Alibaba shifts Qwen AI strategy from open source to paid models
Alibaba is moving away from its open-source approach for Qwen, its flagship AI model family, and shifting toward paid, proprietary systems as it seeks stronger revenue growth. The change, first reported by the Financial Times, marks a major strategic pivot that could disrupt a large global developer community built around free access to Qwen models.
The shift became clear in early March when Junyang Lin, a central architect of Qwen’s open-source program, announced his resignation. Lin had led the technical direction of Qwen since 2022 and played a key role in establishing its rapid release cycle and open-access strategy.
His departure triggered an internal crisis meeting led by Eddie Wu at Alibaba’s Tongyi Lab. Several team members also resigned, reflecting tensions between leadership and engineers. Management had pushed to align AI development more closely with revenue goals, while the Qwen team operated with fewer resources than competitors such as ByteDance.

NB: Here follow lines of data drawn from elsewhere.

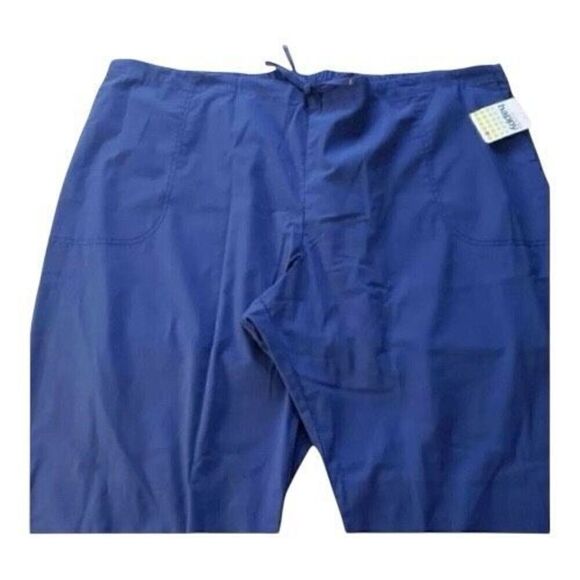Code Happy Women Mid Rise Moderate Flare Drawstring Scrub Pant 3XL Blue 46002AP - Picture 2 of 10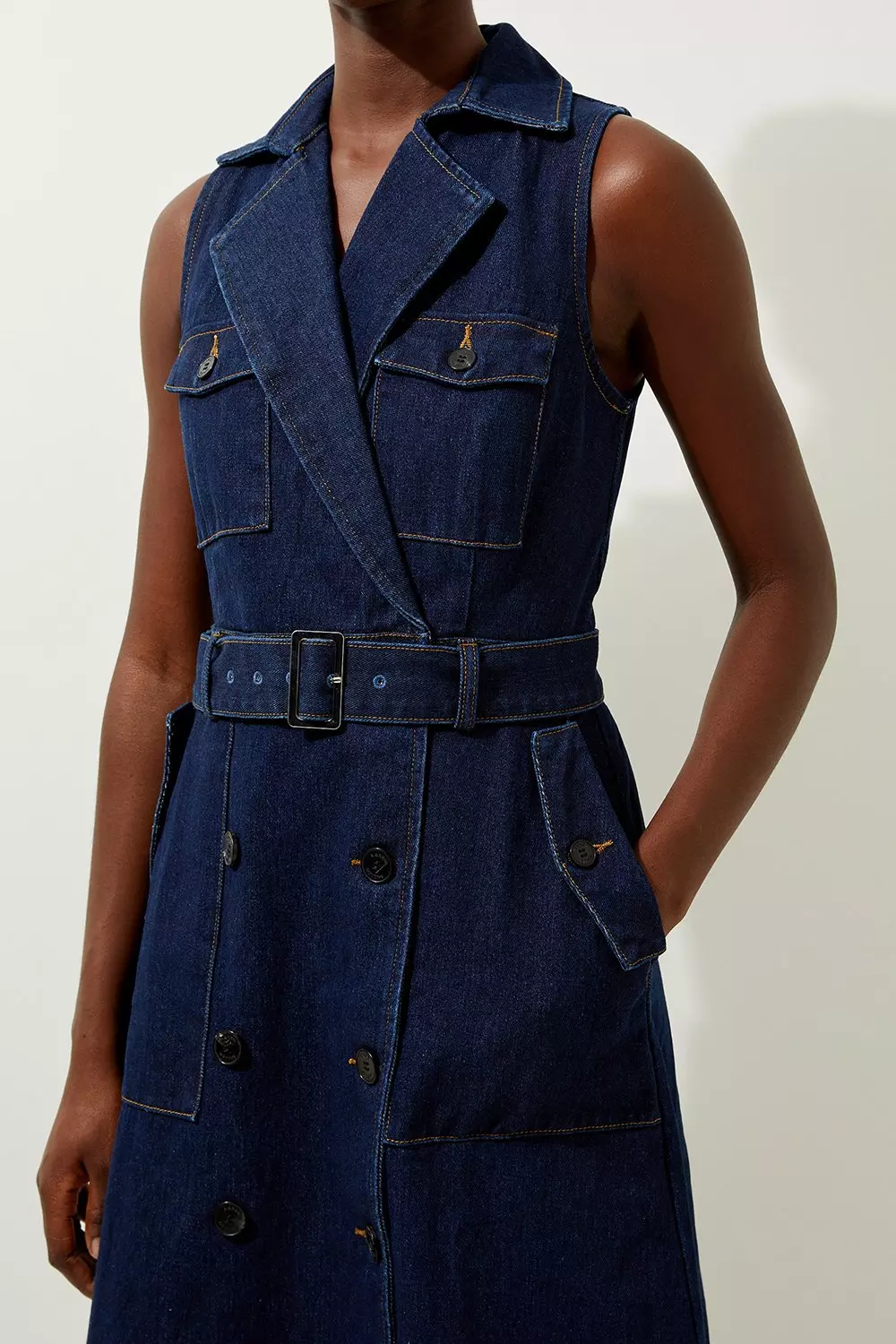 Denim Cargo Pocket Belted Sleeveless Shirt Wrap Dress alternative image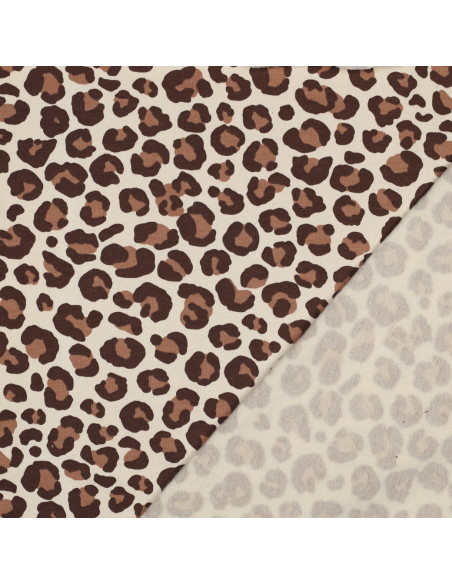 Tessuto felpato Leopardo - Marrone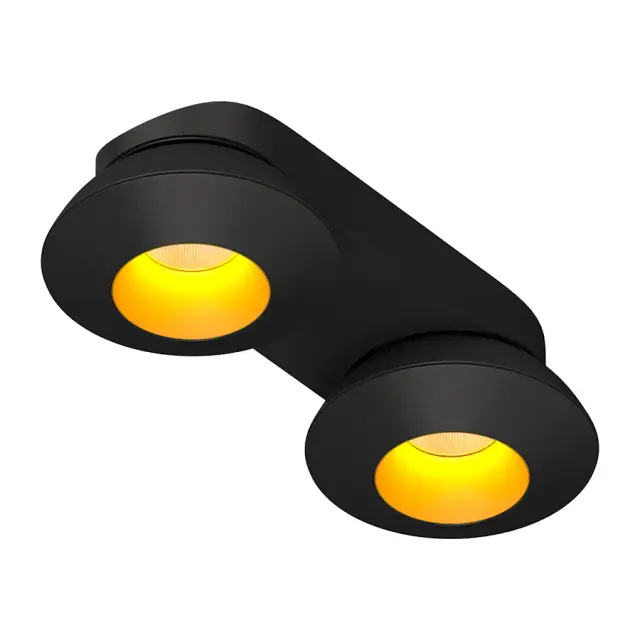 Точечный светильник Ledron KRIS SLIM 2 Black-Gold — черный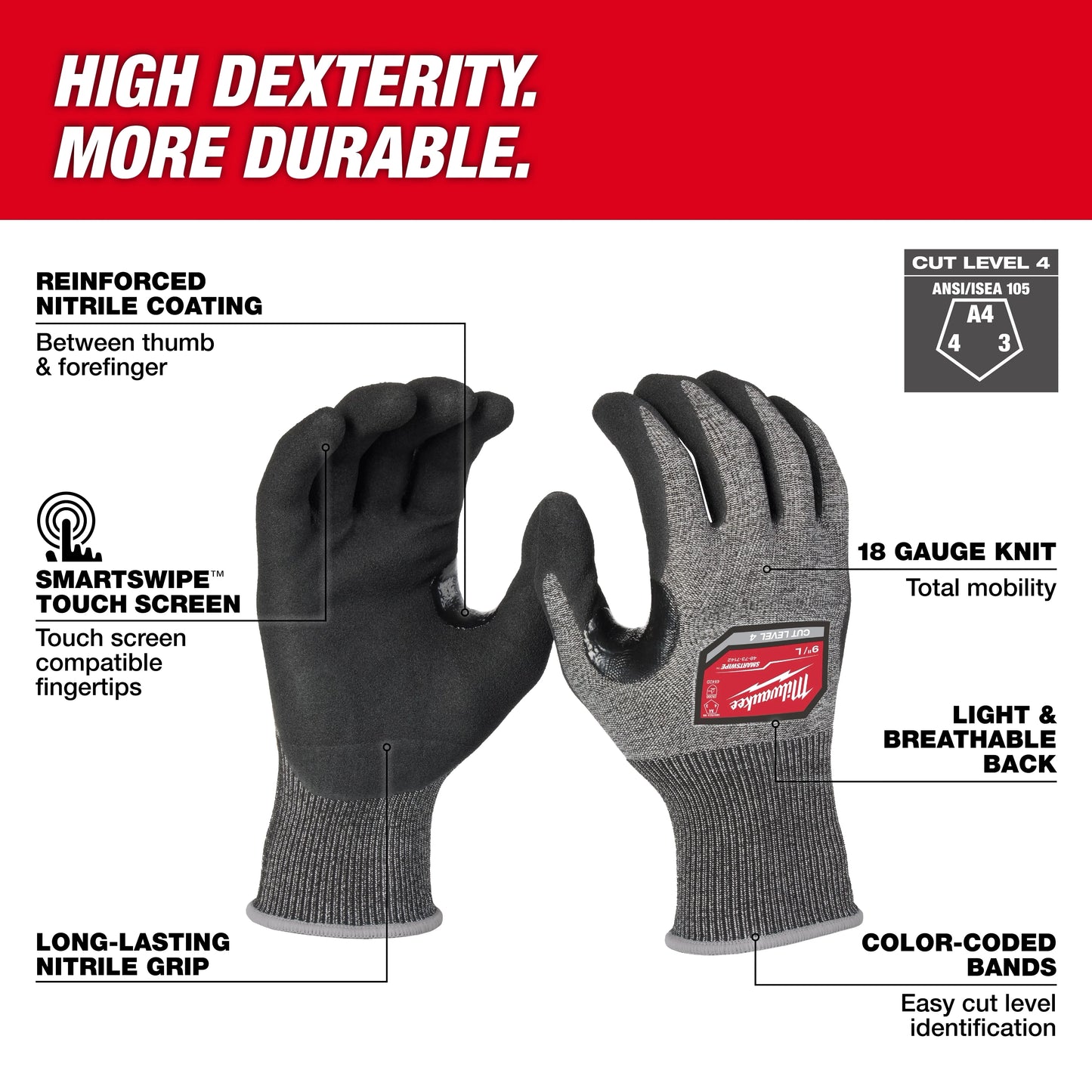 Milwaukee Tool 48-73-7142 Cut Level 4 High-Dexterity Nitrile Dipped Gloves - L, 6 PR/PK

Less than two weeks later, Alibaba announced a major restructuring. The company created a new unit, the Alibaba Token Hub Business Group, consolidating its core AI teams, including Tongyi Lab and Qwen, under direct executive control. Wu said the group would focus on creating, distributing, and monetizing tokens, signaling a clear commercial direction.
Alibaba has already begun releasing closed-source models available only through APIs. Its latest model, Qwen3-Turbo, does not provide public access to model weights, breaking with the approach that helped Qwen become one of the most widely downloaded AI model families. Earlier proprietary releases, including Qwen2.5-Max and Qwen2.5-Plus, pointed to the same shift.
The stakes are high for developers. Qwen models have built a massive following, reaching nearly one billion cumulative downloads on Hugging Face. In February alone, downloads exceeded 150 million, more than double the combined total of several major competitors, including Meta and DeepSeek.
Despite strong adoption, Alibaba faces financial pressure. The company reported a 66 percent drop in net profit in its latest quarter, as heavy AI investment weighed on margins. Its cloud division continues to post triple-digit growth in AI-related revenue, but profitability remains uncertain.
The shift highlights a broader tension across the AI industry. Companies must balance open-source ecosystems that drive adoption with the need to generate returns on costly model development. Even firms like Meta are still struggling to show clear financial gains from large-scale open AI projects.